◆ RECORDS SHOWN

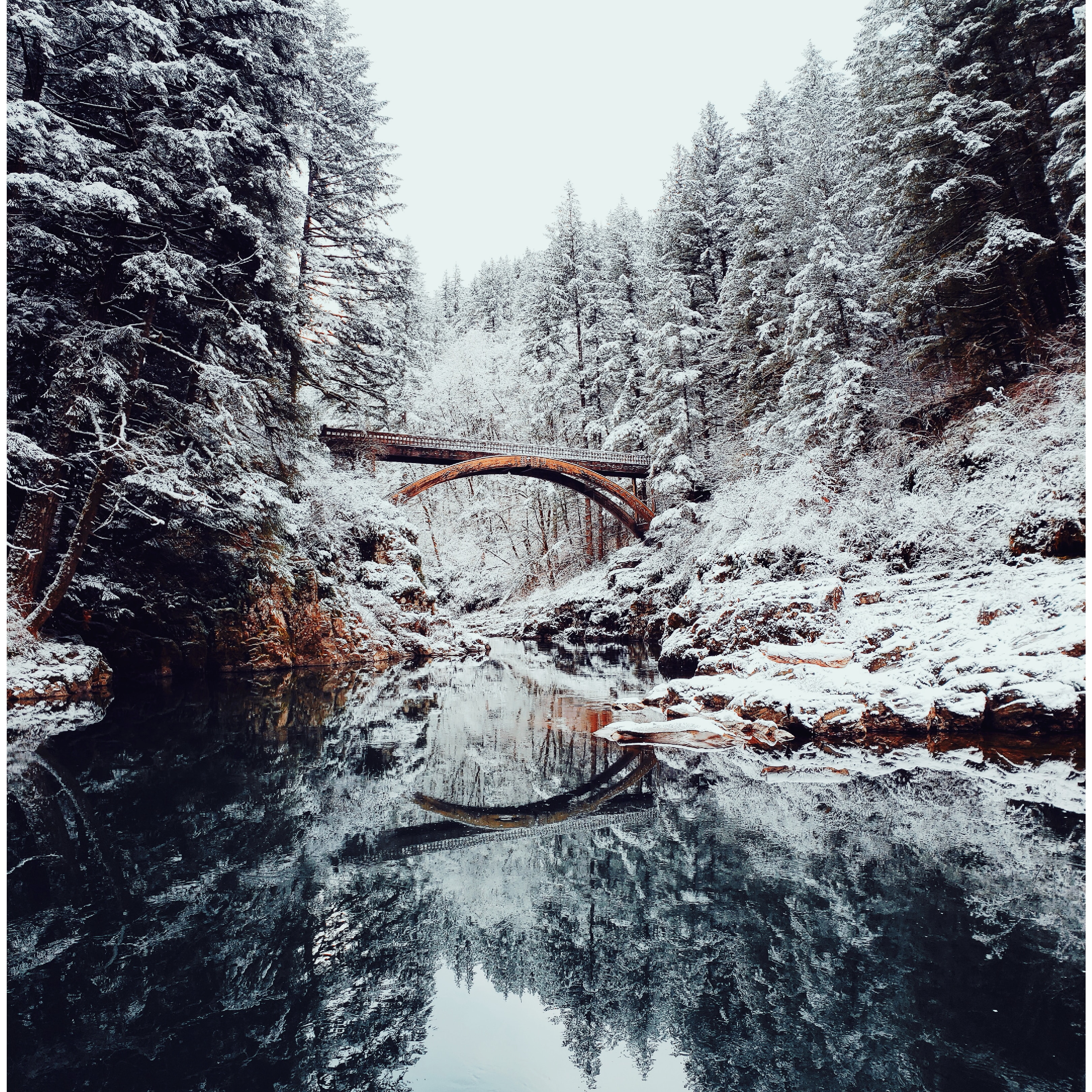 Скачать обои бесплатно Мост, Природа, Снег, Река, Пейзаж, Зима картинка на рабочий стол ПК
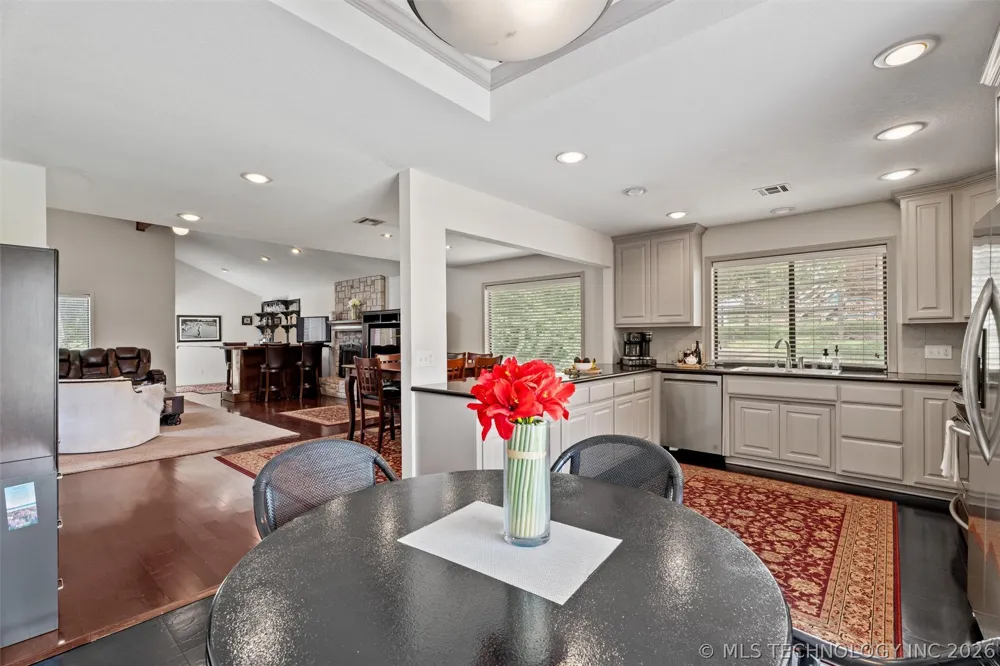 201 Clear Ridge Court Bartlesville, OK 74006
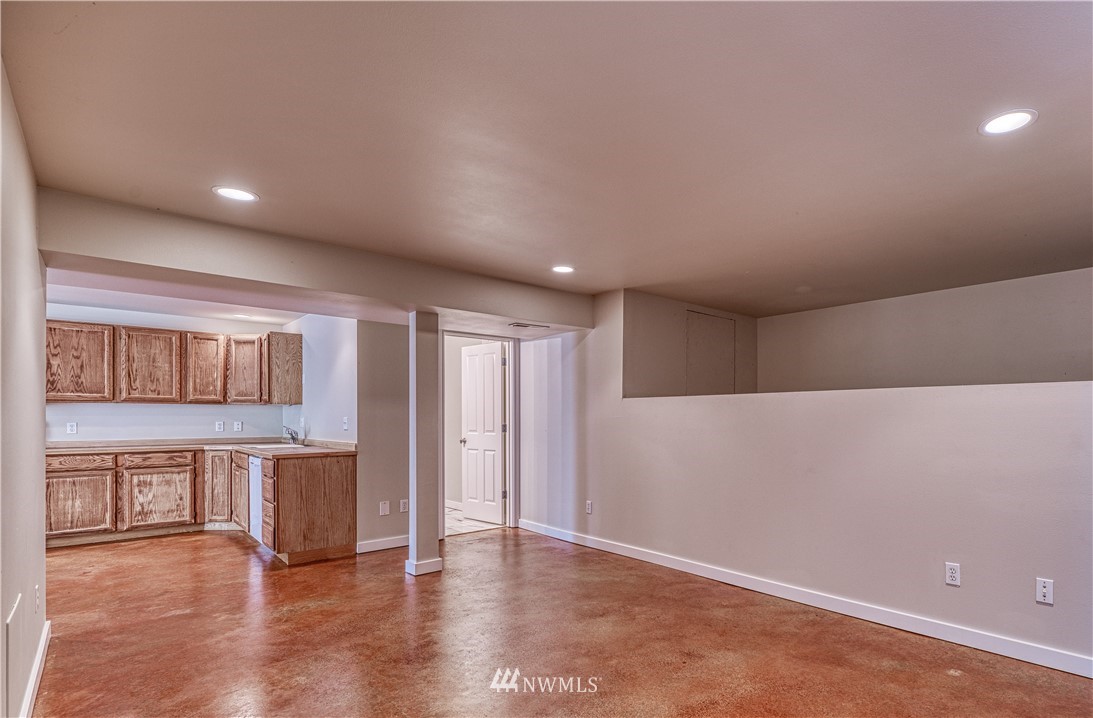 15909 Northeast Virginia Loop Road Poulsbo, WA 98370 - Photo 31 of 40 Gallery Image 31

...

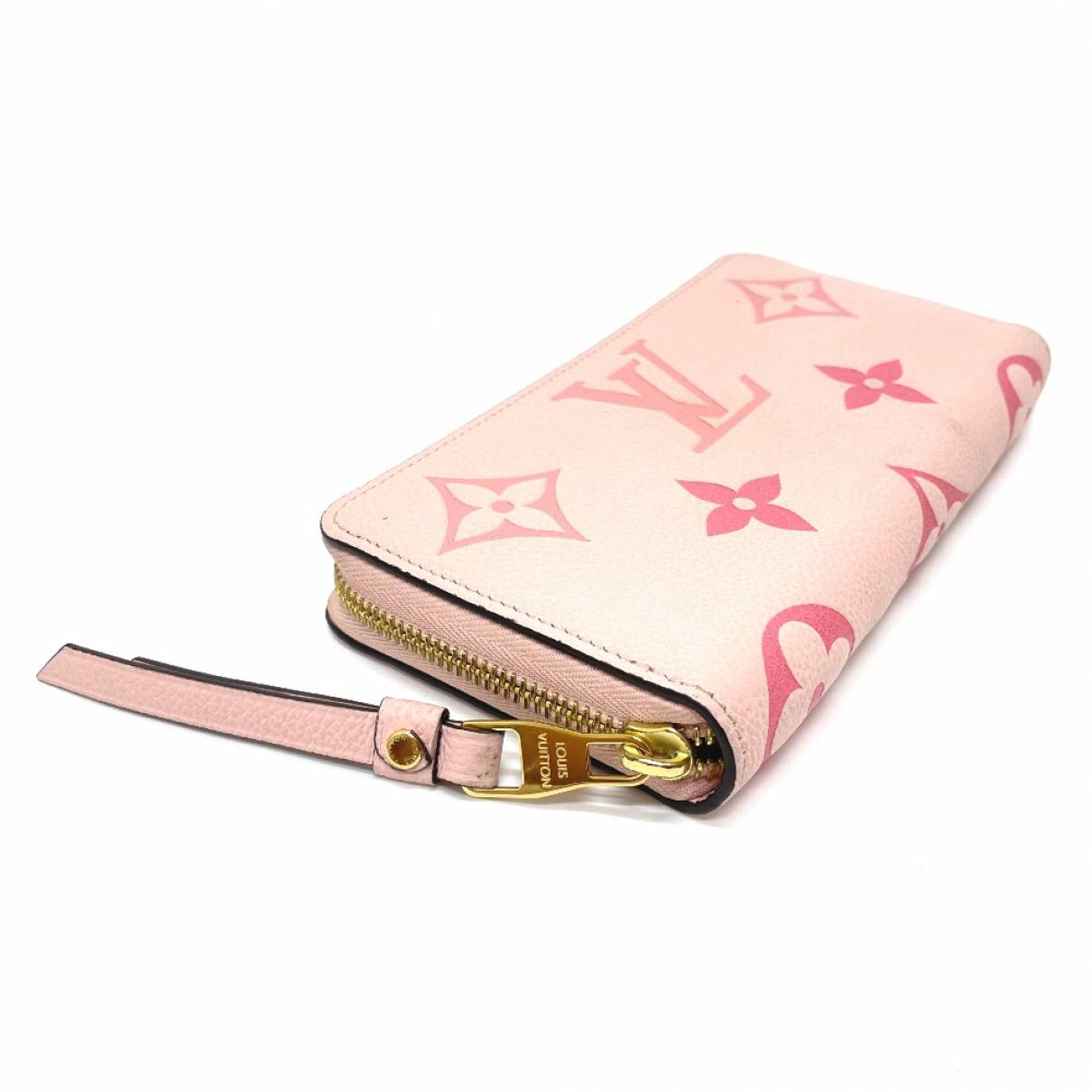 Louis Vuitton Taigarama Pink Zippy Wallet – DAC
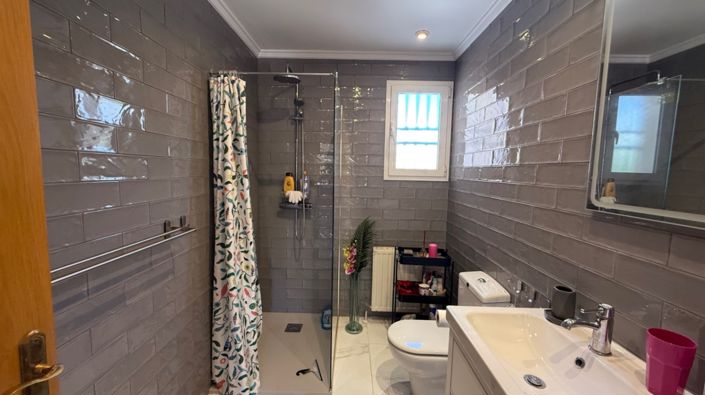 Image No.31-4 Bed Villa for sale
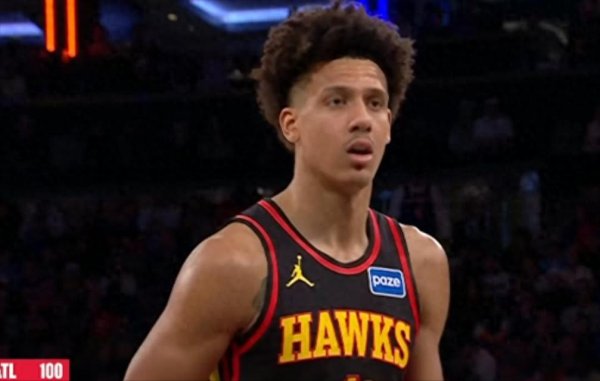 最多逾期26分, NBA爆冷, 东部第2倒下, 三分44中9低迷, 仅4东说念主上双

---

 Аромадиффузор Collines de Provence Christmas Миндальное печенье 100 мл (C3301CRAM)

◆ TASK BRIEF
When you reach the line holding "Скачать обои бесплатно" in the listing above, begin retyping exactly, and stop once the line holding "15909 Northeast Virginia" is done; pictures stay out.

◆ ANSWER TO THIS EXERCISE
 Скачать обои бесплатно Мост, Природа, Снег, Река, Пейзаж, Зима картинка на рабочий стол ПК
 201 Clear Ridge Court Bartlesville, OK 74006
 15909 Northeast Virginia Loop Road Poulsbo, WA 98370 - Photo 31 of 40 Gallery Image 31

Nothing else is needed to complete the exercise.